According to industry news service Point Carbon, PetroChina has hired Garth Edward, an ex-Citigroup trader, to head a new UK-based emissions trading desk.
It's noteworthy that PetroChina is entering the market at a time when the future of the Kyoto Protocol, which provides the international framework for trading carbon credits, is in doubt.
Europe has the most vibrant carbon market, with many of the credits originating from investments in projects in China and India under the U.N. Clean Development Mechanism. CDMs have come under fire for helping fund projects that critics say shouldn't have qualified for international subsidies.
Still, there are plenty of reasons for PetroChina to move into trading carbon. China is the world's biggest energy producer and the world's biggest source of carbon emissions. PetroChina, meanwhile, is China's biggest oil producer.
Analysts predict that some form of carbon trading will still exist after Kyoto expires in 2012 - and there's talk of China setting up a domestic carbon market. 'Carbon markets will continue in Europe, emerge in Asia (Japan, Korea, maybe China later) even in the absence of a follower to Kyoto, which if it comes, will be weak,' Emmanuel Fages, head of power, gas and carbon coal research at Orbeo, the carbon trading arm of Societe Generale SA and Rhodia SA, wrote in an email to China Real Time. 'Dynamics will be much more regional and bilateral now.'
Even the much maligned CDMs will continue, Fages says, though the investments will be in 'small scale, more expensive renewable energy projects, organic methane capture or energy efficiency, dominantly based in poorer countries.' China, which has been so successful up till now, 'probably will not be able to keep on the same recipe post-2012.'
PetroChina has already shown a commitment to carbon trading. It was one of the first companies to invest in setting up one of the domestic carbon exchanges, even though there was no legislation (such as domestic carbon caps) to support markets. The exchange has had a few modest trades.

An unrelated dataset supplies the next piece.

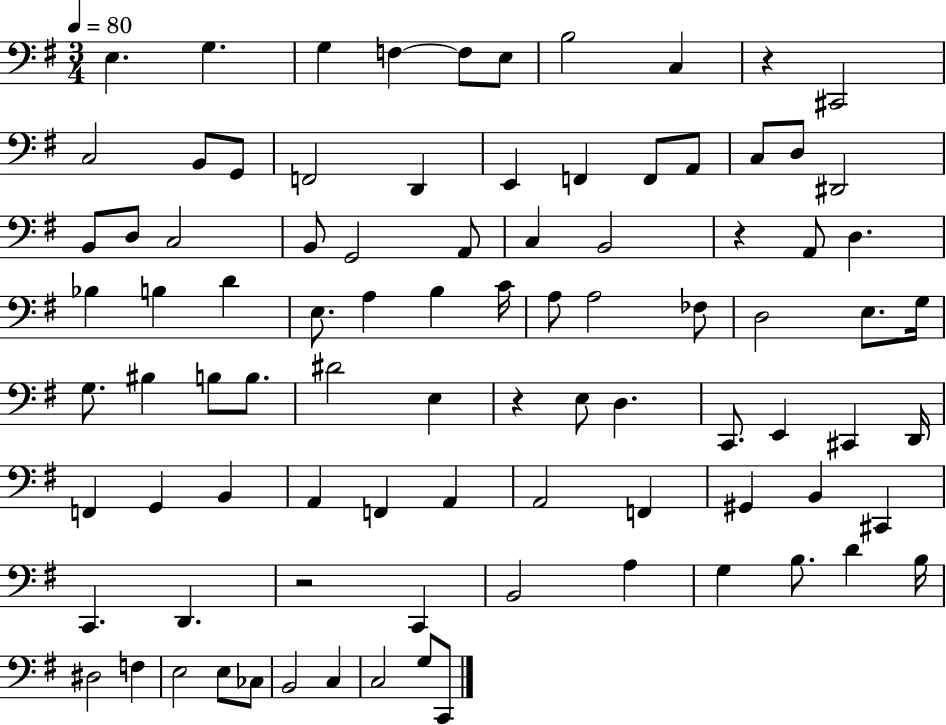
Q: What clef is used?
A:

There are signs that China is contemplating using carbon credits as a way to reach its goal of slowing the pace of carbon emissions. A promise to cut greenhouse gasses relative to economic output between 40% to 45% percent by 2020 from 2005 levels will likely be part of the country's next five-year plan.
Already, companies in energy intensive industries that emit a lot of greenhouse gasses are investing in technology to reduce their emissions. If a domestic market is established, some companies with greenhouse gas emissions below their allotment could sell their credit to someone else.
If that market actually materializes â ' and it's a big 'if' at this point -- PetroChina, which produces a lot of emissions from its refining and chemical businesses, will need to know how to trade.